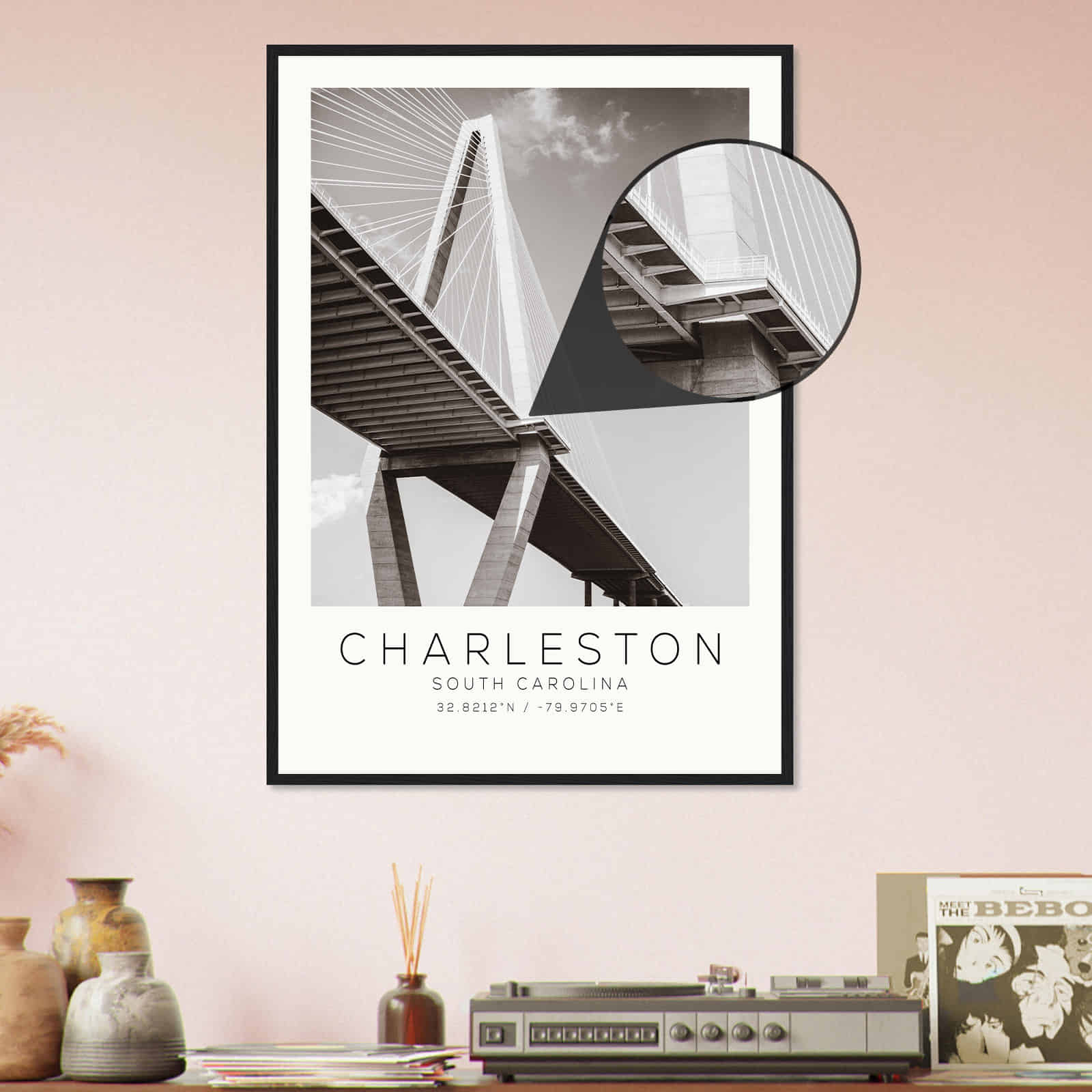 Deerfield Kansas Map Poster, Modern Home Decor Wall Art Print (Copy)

* * *

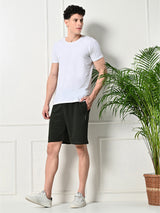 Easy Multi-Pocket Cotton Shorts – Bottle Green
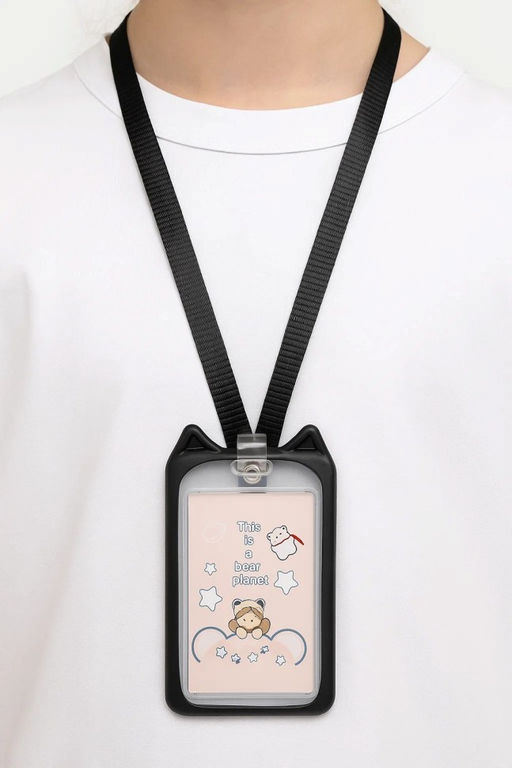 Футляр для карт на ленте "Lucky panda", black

◆ To do ◆
In the listing above, find the line holding "Easy Multi-Pocket Cotton" and the line holding "Футляр для карт". Reproduce those two lines and all between them exactly, leaving out pictures.

◆ Task output ◆
 Easy Multi-Pocket Cotton Shorts – Bottle Green
 Футляр для карт на ленте "Lucky panda", black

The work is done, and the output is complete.